VICTIMS of a multibillion- pound loan mis-selling scandal have been urged to contact the financial regulator as it carries out a major investigation.

MPs issued the call as the Financial Services Authority (FSA) probes the practice, exposed by The Herald earlier this month, which has cost thousands of struggling firms billions in extra bank payments.

The inquiry centres on interest rate swap agreements (IRSAs) attached to business loans, with predictions the scandal is on course to become the business industry's version of the payment protection insurance (PPI) scandal.

The issue erupted in the House of Commons yesterday as MPs accused banks of intimidating customers by threatening to withdraw their credit if they complained about mis-selling.

Damaging allegations were aired by MPs about the mis-sale by RBS, Lloyds, Barclays and HSBC of IRSAs to small businesses, and both Labour's Treasury spokesman Chris Leslie and Treasury Economic Secretary Chloe Smith urged victims to ring the FSA's helpline.

Ayrshire Labour MP Sandra Osborne, praising The Herald's campaigning on the issue, urged banks to abandon "stalling tactics" with aggrieved customers, adding: "It is not in the interests of the banks to have another big mis-selling scandal in a very public way."
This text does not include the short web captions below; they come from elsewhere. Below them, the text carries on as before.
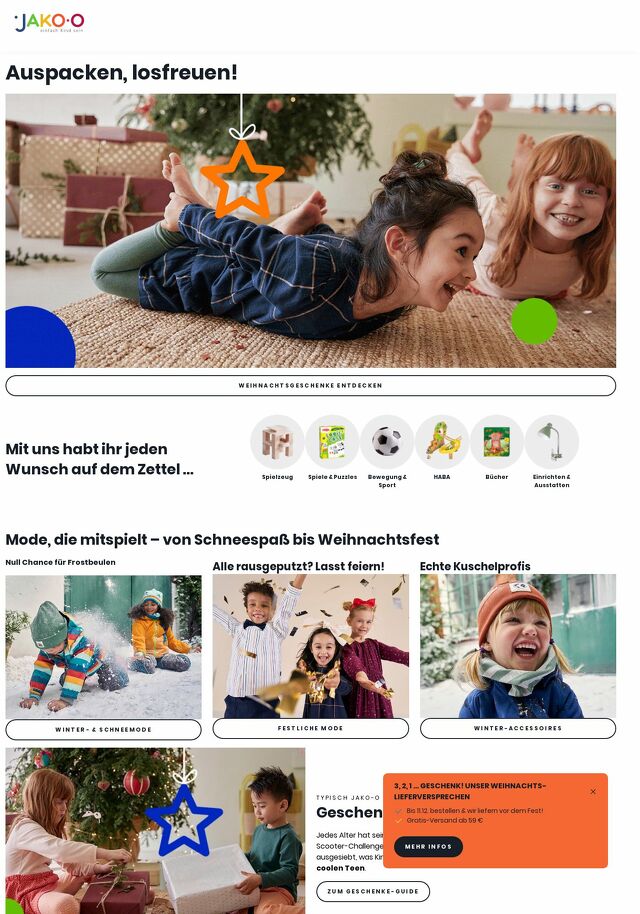 Prospekt JAKO-O vom 11.12.2023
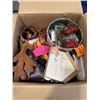 Image 1 : BOX OF NEW CHRISTMAS DECORATIONS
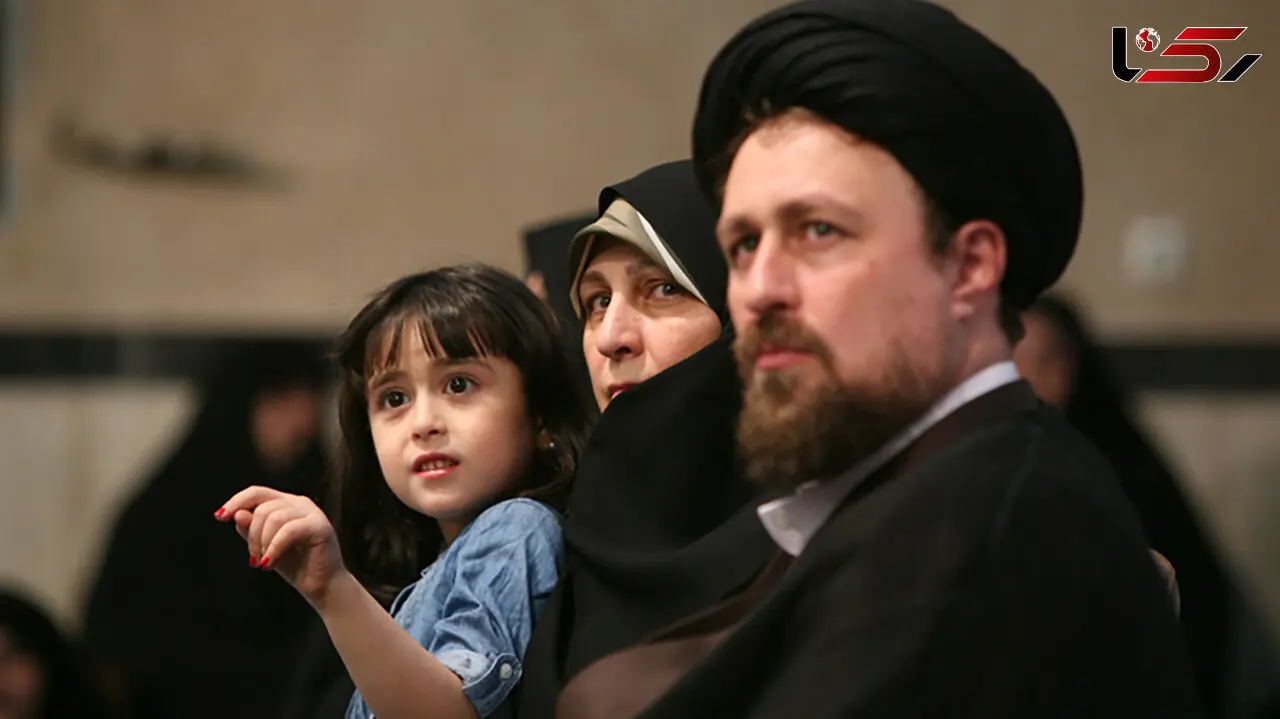 عروس امام خمینی (ره) کرونا گرفت + عکس در بیمارستان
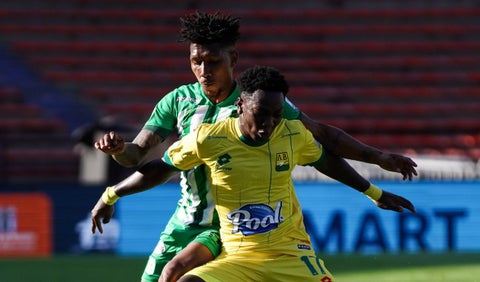 Nacional vs Bucaramanga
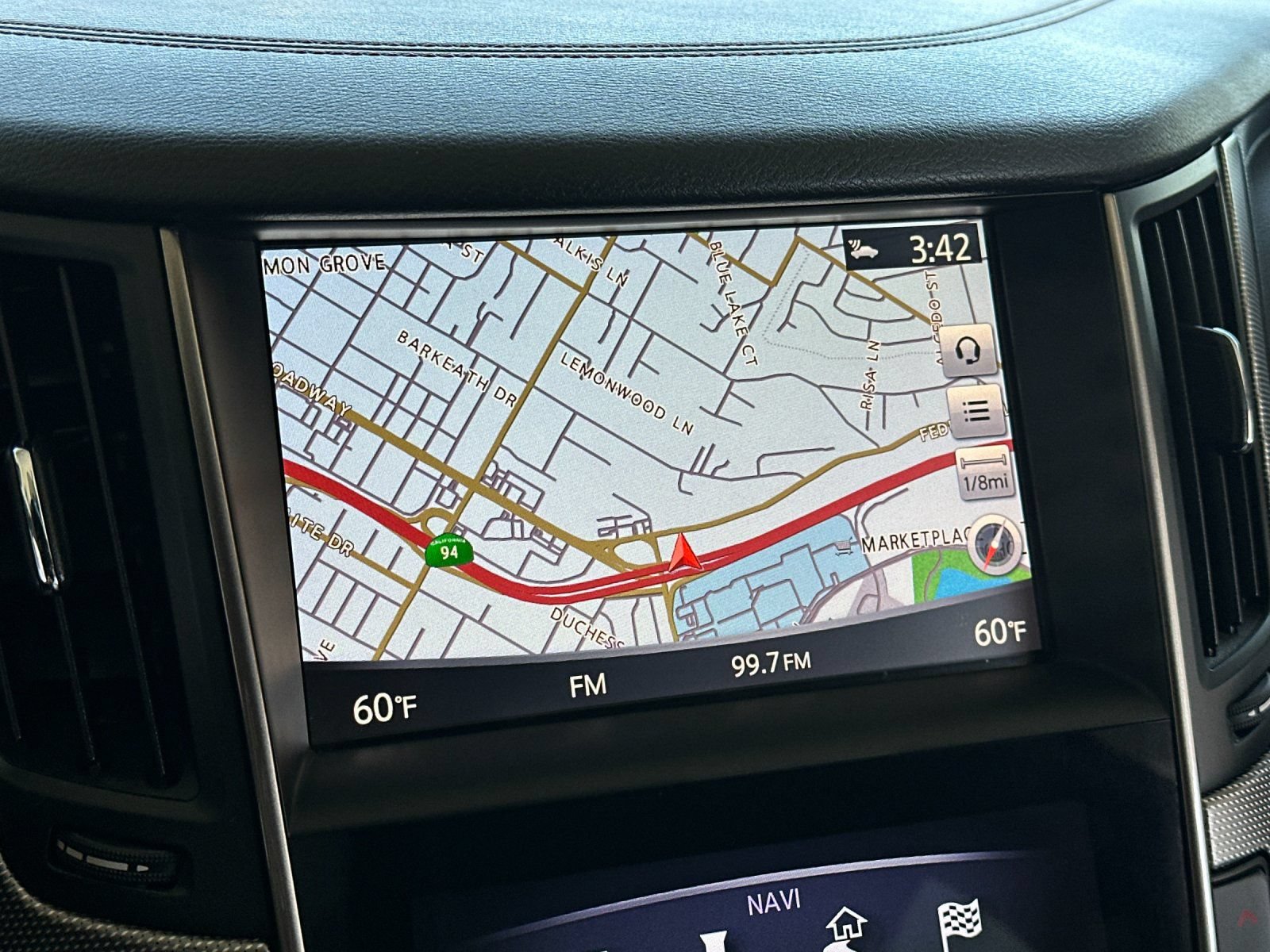 Used 2019 INFINITI Q50 Red Sport 400 RWD image 17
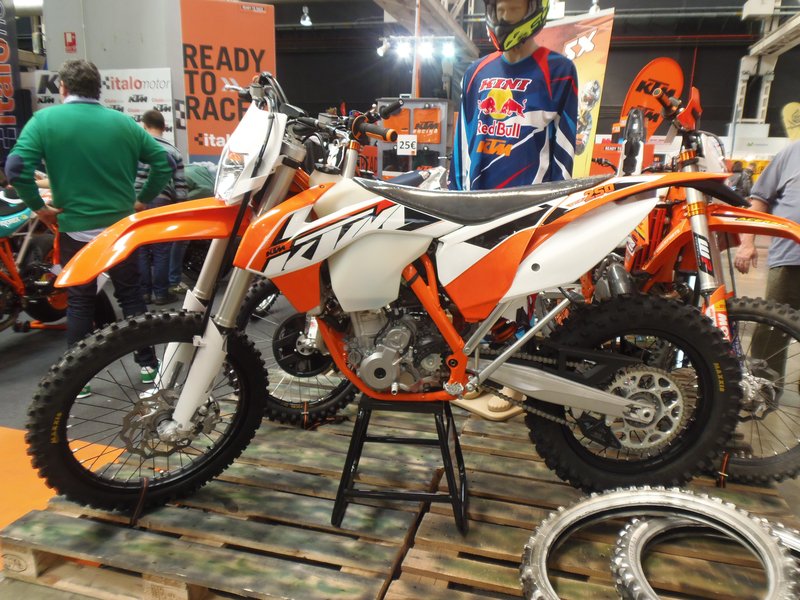 2007–2019 KTM 250 EXC-F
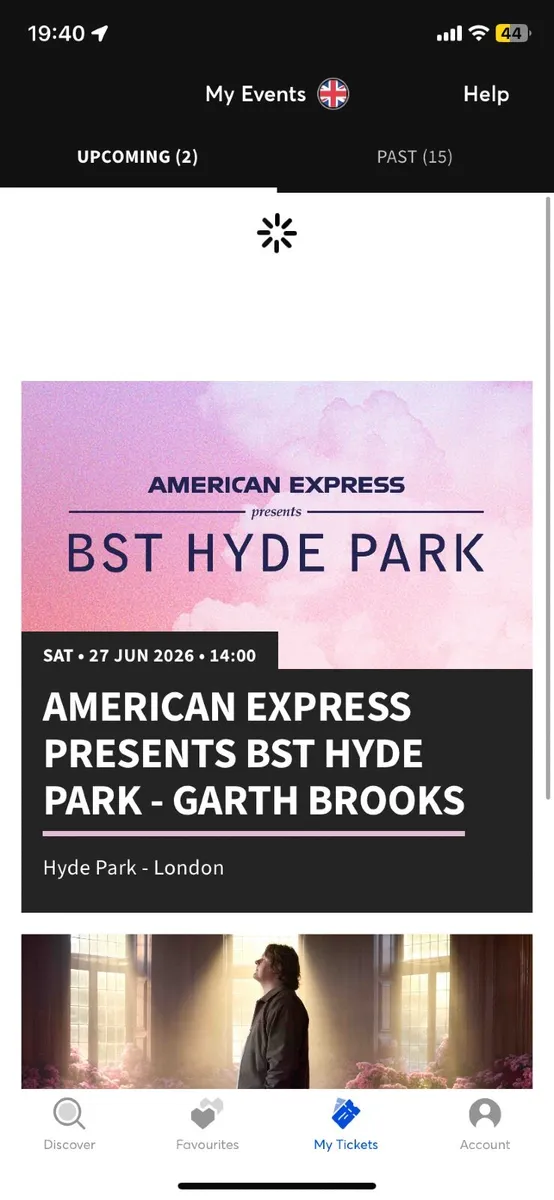Garth brooks tickets x4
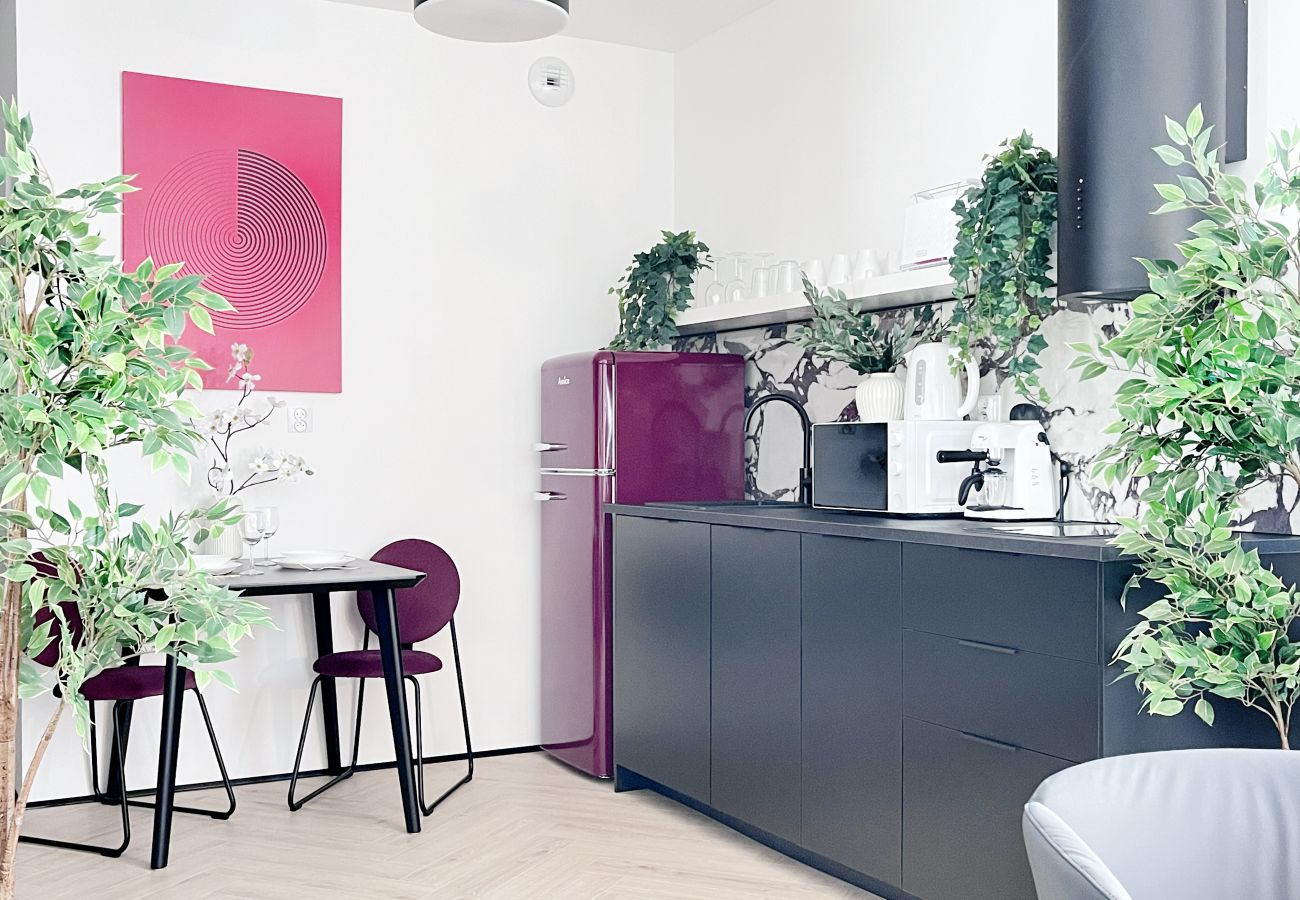 Studio w Kraków - Studio Premium w centrum Krakowa z klimatyzacją, Dąbrowskiego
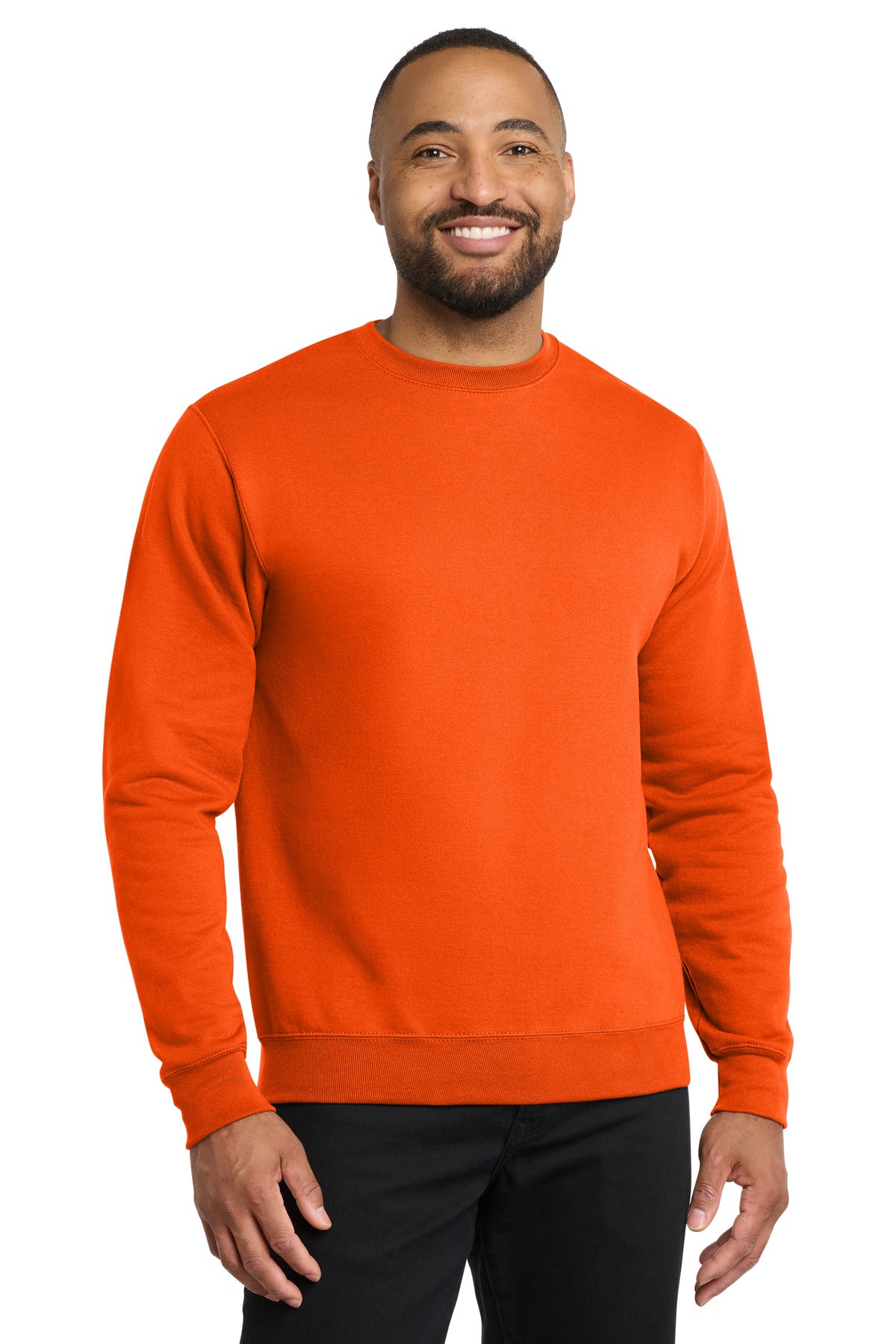Port & Co Core Fleece Crewneck Sweatshirt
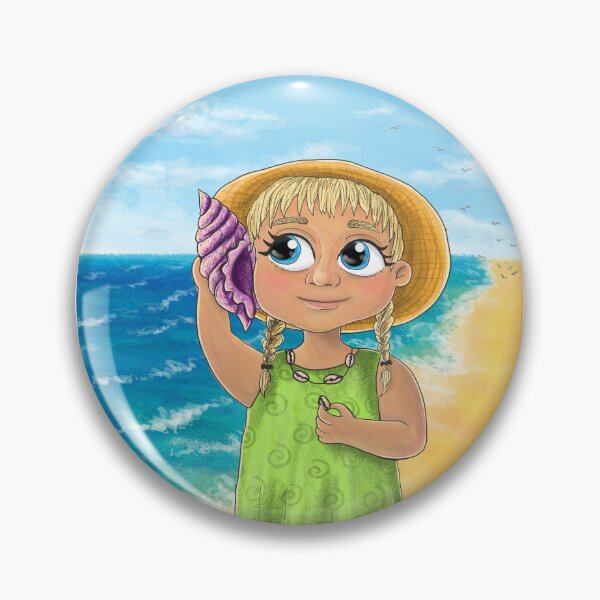 Item preview, Seashell Serenade: A Beachside Dream" designed and sold by DreamyWeasel.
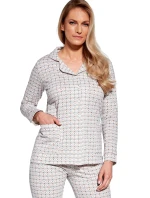 Dámské pyžamo model 19651575 Ella - Cornette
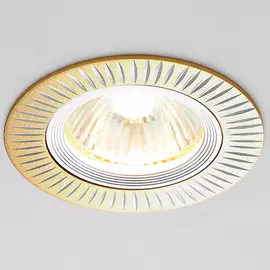 Светильник mr16 Ambrella light A507 GD/AL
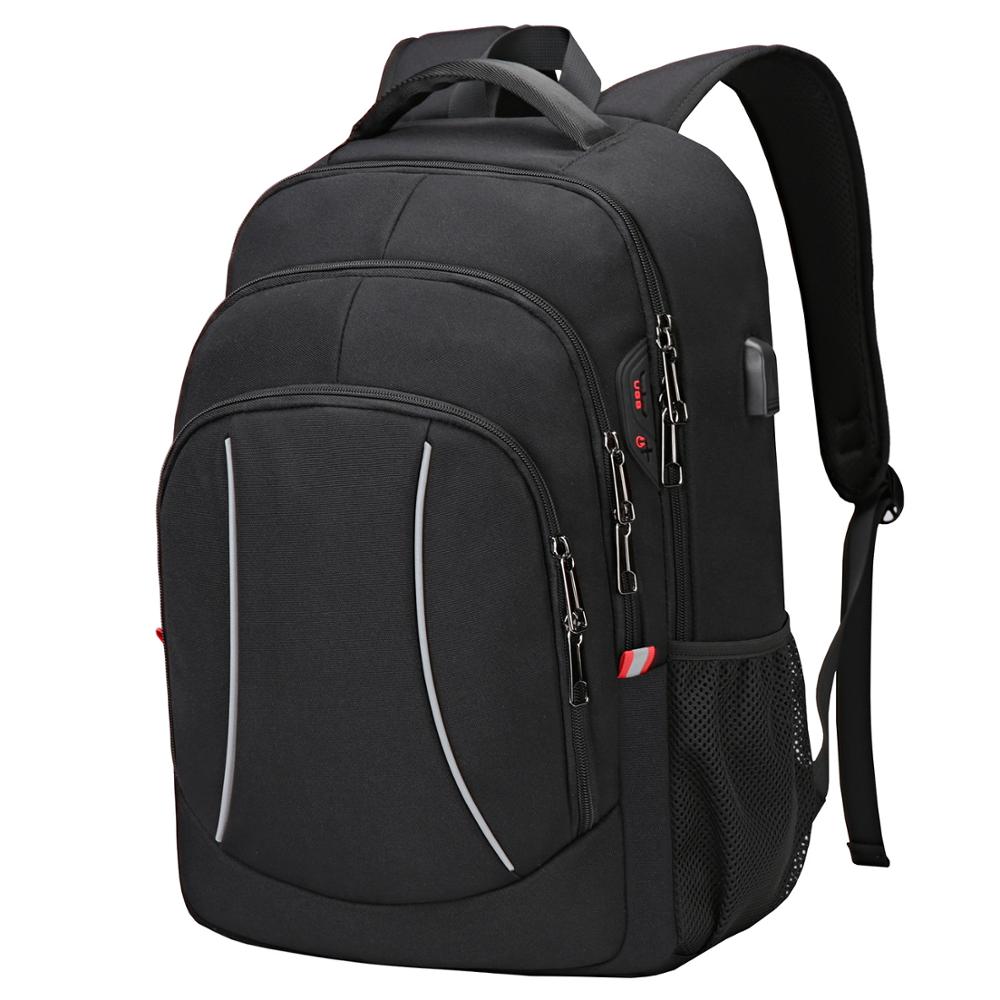 Laptop Backpack Anti Theft - Erkekler Multifuction seyahat Laptop sırt çantaları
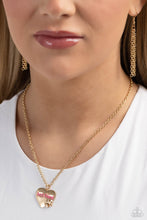 Load image into Gallery viewer, Paparazzi - Mans Best Friend - Gold Necklace
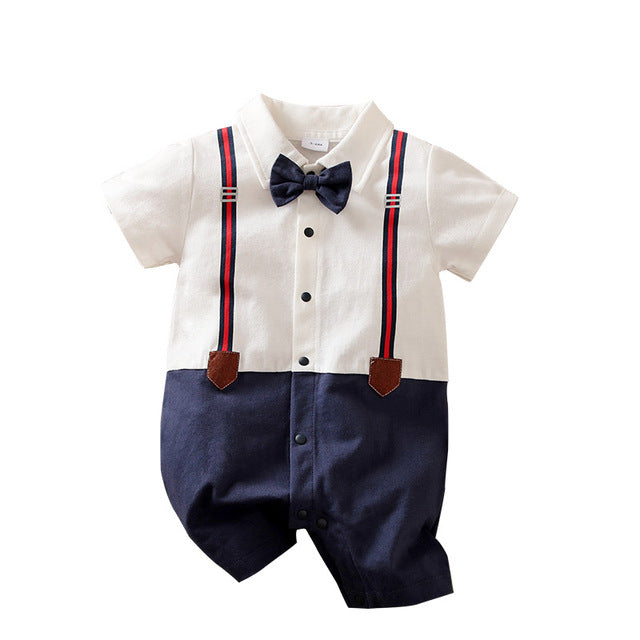 Gentleman Tie Outfit for Baby Boys 0-18 Months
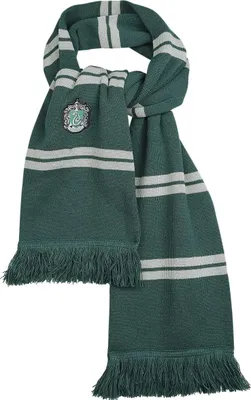 Produktbild von Harry Potter Schal Uni Slytherin grün/grau one size
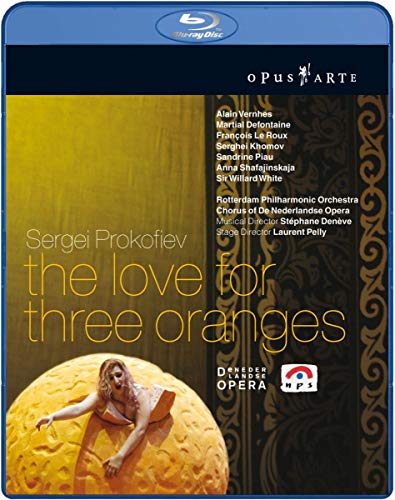 Love for Three Oranges: Het Musiektheater, Amsterdam - BLUR image 1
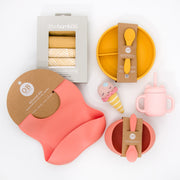 Munch Time Baby Hamper - Sunset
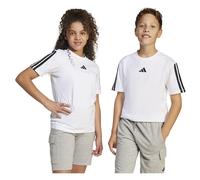 adidas Kinder T-Shirt Essentials J 3S TEE 160 JD6488 Weiß/Schwarz Größe 128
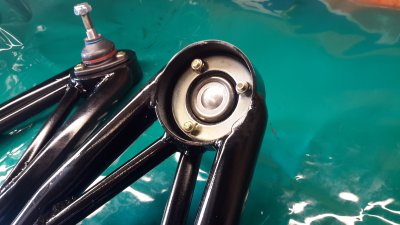 original Polo G40 Querlenker neu aufgearbeitet und verzinkt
Ms Osborne said the case of a small business in her constituency, which was sold a swap agreement by Bank of Scotland, showed how banks "did not abide by the rules of ensuring that the product was appropriate, in the customer's best interest and fully understood".

She said that despite a 20-year relationship with the business, the bank's behaviour had been "reprehensible".

When asked to produce the tape-recording of the sales conversation, she said the bank "firstly said they did not have the tapes, then said they had been lost in the wake of the bank merger, then said they had been destroyed because they were only kept for a year – how convenient for the bank",

She added: "The bank refused a meeting with anyone who has real decision-making power, and issued a glib, bland response which does not engage in any way with what was a very serious complaint."

The Herald has talked to more than 50 businesses to document bank mis-selling of IRSAs, and yesterday we revealed how salesmen for the products could earn from £300,000 to £1m a year.

LibDem MP Ian Swales said: "Banks are working for themselves first and their clients second – remember Goldman Sachs described their clients as 'muppets'."

Guto Bebb, the Conservative MP who initiated the debate, said businesses felt unable to complain because they feared reprisals from the bank, while others could not afford to launch legal action. There were already "examples of loans being called in and overdraft facilities being taken away from businesses taking action". He said he was concerned banks had settled many cases out of court but only with gagging orders to prevent discussion.

Tory MP Dominic Raab said he knew of one business that had been "made to sign a legal waiver not to take action, or the bank will foreclose".

Mr Bebb added: "I call upon the FSA to ask the banks for written assurances that they will not adversely treat any business that makes a complaint."

Mike Freer, a Conservative MP and former Barclays banker, said he was "shocked and appalled" at the treatment by HSBC of a widow with a small buy-to-let portfolio, who had been sold a complex hedging product in one phone call.